To identify and replace the outliers with a specific value, use binary series for a quick and efficient result. (W1 > 10.0) yields a series which is 1.0 wherever W1 is greater than 10.0, and 0.0 elsewhere. Multiply this by the desired replacement value:


 (W1 > 10.0) * -1.5


to obtain a series which is -1.5 at each replacement location and 0.0 elsewhere.


This is "close", but is only half of the solution. The remaining part of the problem is to retain those points in W1 that are not outliers (i.e. W1 <= 10.0).


 (not(W1 > 10.0) * W1)


returns a series that is the same as W1 everywhere W1 does not exceed 10.0, and 0.0 elsewhere. Adding the two expressions together produces the desired result:


 ((W1 > 10.0) * (-1.5)) + (not(W1 > 10.0) * W1))


To generalize with a macro:


#define replace(s, cond, val) (((cond)*(val)) + ((not(cond))*(s)))
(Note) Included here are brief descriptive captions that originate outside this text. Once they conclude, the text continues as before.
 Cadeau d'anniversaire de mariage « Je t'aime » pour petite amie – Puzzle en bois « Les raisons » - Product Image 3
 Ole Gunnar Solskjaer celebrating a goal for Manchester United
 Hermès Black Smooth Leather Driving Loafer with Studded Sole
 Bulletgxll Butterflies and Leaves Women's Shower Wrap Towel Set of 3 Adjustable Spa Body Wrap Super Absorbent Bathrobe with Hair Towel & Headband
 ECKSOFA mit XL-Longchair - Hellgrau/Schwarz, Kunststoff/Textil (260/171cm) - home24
where s is the input series, cond is the condition for replacement, and val is the desired replacement value.


What happens if NAVALUE is used for the replacement value? Try:


((W1 > 10.0) * (navalue)) + (not(W1 > 10.0) * W1))


Points greater than 10.0 are "dropped out" of the display of the series, but the x-axis is retained because the NAVALUE serves as a placeholder.
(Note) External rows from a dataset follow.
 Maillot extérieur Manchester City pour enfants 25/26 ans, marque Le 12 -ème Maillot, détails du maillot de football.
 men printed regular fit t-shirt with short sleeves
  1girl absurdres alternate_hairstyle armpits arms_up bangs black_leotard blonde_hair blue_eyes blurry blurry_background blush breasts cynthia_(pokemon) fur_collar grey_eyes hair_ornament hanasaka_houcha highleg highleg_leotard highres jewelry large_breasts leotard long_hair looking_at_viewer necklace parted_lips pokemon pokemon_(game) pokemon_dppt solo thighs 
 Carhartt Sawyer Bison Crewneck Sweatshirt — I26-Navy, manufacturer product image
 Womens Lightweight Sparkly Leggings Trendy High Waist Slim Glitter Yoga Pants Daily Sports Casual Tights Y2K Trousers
Finally, to replace outliers with a linear interpolation of the surrounding points, consider the following:


 delete(W1, W1 > 10.0)


returns a series of the y-values which are not outliers, i.e. W1 <= 10.0.


 delete(xvals(w1), w1 > 10.0)


returns a series of the x-values where the y-values of W1 are not outliers.


 xy(delete(xvals(w1), w1 > 10.0), delete(w1, w1 > 10.0))


creates an XY plot where the outliers are removed from the x- and y-values. DADiSP will graphically "connect the dots" in the XY plot, so that it appears to have interpolated between the points on either side of the outliers, but, no extra points have been added. To insert the interpolated points, use:


 xyinterp(delete(xvals(w1), w1 > 10.0),delete(w1, w1 > 10.0))


Finally, the OUTLIER function incorporates these ideas into one, simple outlier removal function.